一般の人々が生活する社会が「ハイテク刑務所」化して刑務所との境が薄れて均質化する一方で、富裕な社会的支配層がこうした厚い防壁の内側に囲われるということは、刑務所の敷地とその外側の境界にあった「壁」が大移動してきてそこまで縮退した、というふうにもとらえることもできる。球面幾何において、描いた小さな円の内側が逆側を覆う残りの界面にとっての外側であるように、新しい技術がそれを可能にした「壁」は、刑務所の敷地を超えて引っ張れるだけ引っ張って押し拡げられた結果、社会の大部分は引き延ばされた「塀の中」で覆い尽くされて、「塀の外」は逆に特定の小街区の内側だけになった、そうもいえよう。そしてその広大な「外なる塀の中」では既に犯罪を犯した人間とこれから犯罪を犯すかもしれない人間が同一の技術、同一の手法で段差なく一緒くたにコントロールされるのである。その中で個別の練度は現在はまだ試行錯誤の調整の段階にある。上記の「塀のない刑務所」では、受刑者は外に出さえしなければ構内での行動はこれまでの囚人に比べて驚くほど自由に認められている(受刑者が構内で迷子にならないように「案内版」があるくらいである)。受刑者の側がこのようにICタグやGPSのような個別追跡の受け入れと引き換えに、より「人権的」な方向に行動制限が緩和され、自由化される傾向にあるのに対して、一般市民の方はそうした家畜管理的な技法の適用がまだ躊躇(ためら)われている分、逆に昔の囚人のような物理的、外形的な行動拘束が強化され、部屋から部屋の移動にすら決裁を求められて、外観上は囚人よりもむしろ不自由な逆転状態になっている――現状はそんなところだろう。

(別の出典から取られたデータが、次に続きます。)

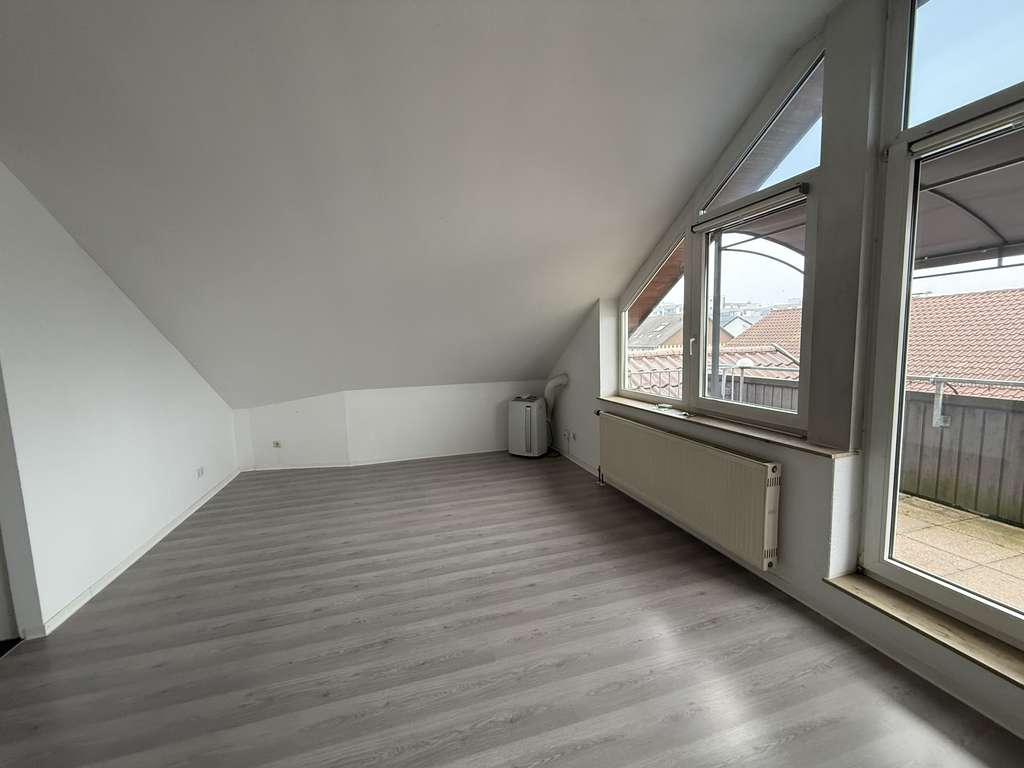 Immobilie in Renningen - Helle 2-Zimmer Dachgeschosswohnung in Renningen mit Balkon - Bild 3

刑務所のあり方というのは、ちょうど「動物園」のあり方がわれわれと自然との関わりにとってそうであるように、われわれの社会のありようを映し返す鏡のようなところがあり、昔から思想的な研究の題材としても取り上げられてきた。ここに来て刑務所の姿がこうして根幹のところで大きく変わりつつあるということは、それを内部に保有するわれわれの社会のどのような変質を表徴するものなのか、考えていくといろいろと意義深いものがあると思う。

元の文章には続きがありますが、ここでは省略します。